Department of Biology and Molecular Biology, Montclair State University, Montclair, NJ 07043;
Waksman Institute, Rutgers, the State University of New Jersey, Piscataway, NJ 08854;
Proc Natl Acad Sci U S A. 2014 Jul 15;111(28):10263-8. doi: 10.1073/pnas.1410068111. Epub 2014 Jun 30.

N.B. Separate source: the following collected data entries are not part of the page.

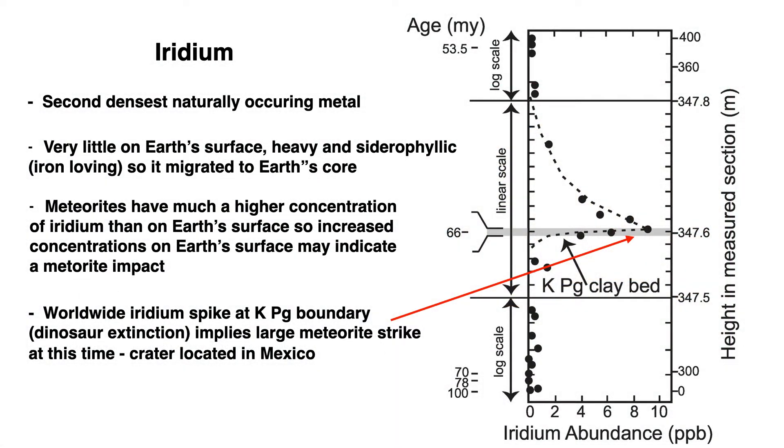Iridium is the second densest naturally occurring metal after osmium. There is very little on Earth's surface — in fact it's measured at about one part per billion. Because of its density and the fact that it's siderophilic, which means iron loving, most iridium migrated to Earth's core with the iron as the Earth cooled. Meteorites have a much higher concentration of iridium, so increased levels on Earth's surface may indicate a meteorite strike. This graph shows iridium abundance in parts per billion from a variety of locations. We now know there is a worldwide iridium spike at about 66 million years ago when a meteorite struck Earth and likely caused worldwide extinctions, including that of all non-avian dinosaurs.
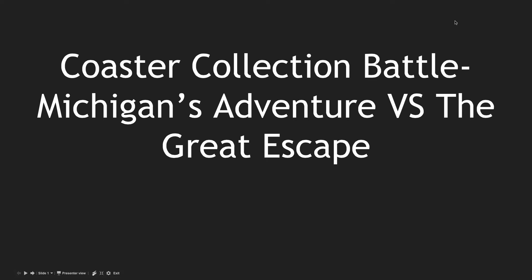Coaster Collection Battles on my channel are basically comparing roller coaster collections of different amusement parks, and today I'm comparing Michigan's Adventure's roller coaster lineup to the Great Escape's. Can Michigan's Adventure's Shivering Timbers carry them all the way to victory, or can the Great Escape and their decent roller coasters help them win the better coaster collection? Let's get started.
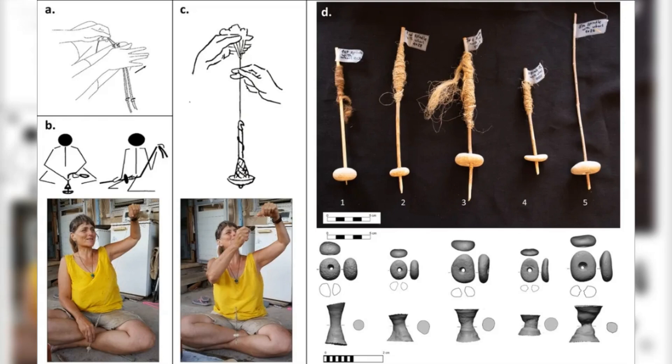Using cutting-edge three-dimensional scanning technology, researchers Talia Yashuv and Leore Grossman from the Hebrew University of Jerusalem made an intriguing discovery. These pebbles weren't just decorative items or simple tools — they were likely spindle whorls, sophisticated devices used to spin textiles like flax and wool into yarn.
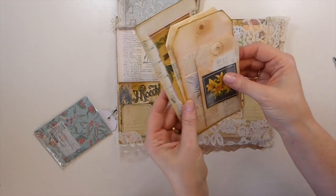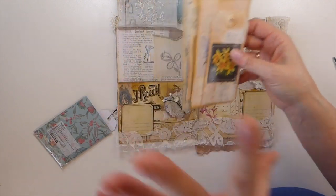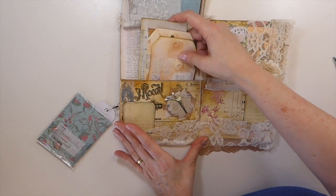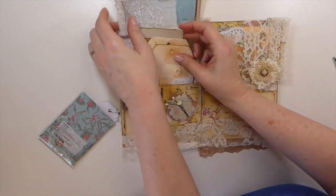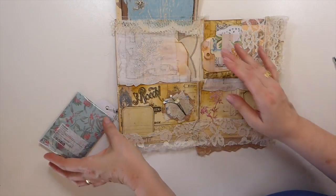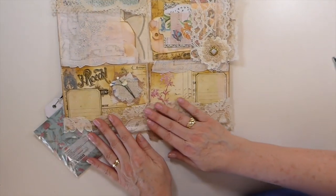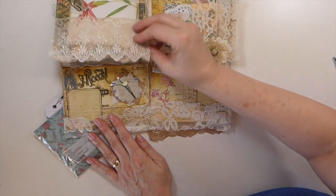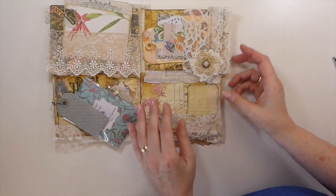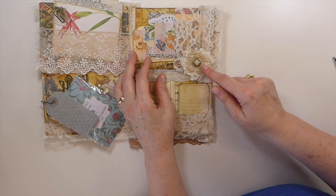Can you imagine if all of us crafters around the world could get together and exchange the items that we can source? We'd be in heaven, wouldn't we? She's from Australia and I see things in here that I've not seen in the US or the UK — so that's amazing. These images that she's chosen are so pretty, and again more lace along the bottom there. And then over here she's made another beautiful lace pocket with multiple layers of lace.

Transposons make up the bulk of eukaryotic genomes, but are difficult to annotate because they evolve rapidly. Most of the unannotated portion of sequenced genomes is probably made up of various divergent transposons that have yet to be categorized. Helitrons are unusual rolling circle eukaryotic transposons that often capture gene sequences, making them of considerable evolutionary importance. Unlike other DNA transposons, Helitrons do not end in inverted repeats or create target site duplications, so they are particularly challenging to identify. Here we present HelitronScanner, a two-layered local combinational variable (LCV) tool for generalized Helitron identification that represents a major improvement over previous identification programs based on DNA sequence or structure. HelitronScanner identified 64,654 Helitrons from a wide range of plant genomes in a highly automated way. We tested HelitronScanner's predictive ability in maize, a species with highly heterogeneous Helitron elements. LCV scores for the 5' and 3' termini of the predicted Helitrons provide a primary confidence level and element copy number provides a secondary one. Newly identified Helitrons were validated by PCR assays or by in silico comparative analysis of insertion site polymorphism among multiple accessions. Many new Helitrons were identified in model species, such as maize, rice, and Arabidopsis, and in a variety of organisms where Helitrons had not been reported previously to our knowledge, leading to a major upward reassessment of their abundance in plant genomes. HelitronScanner promises to be a valuable tool in future comparative and evolutionary studies of this major transposon superfamily.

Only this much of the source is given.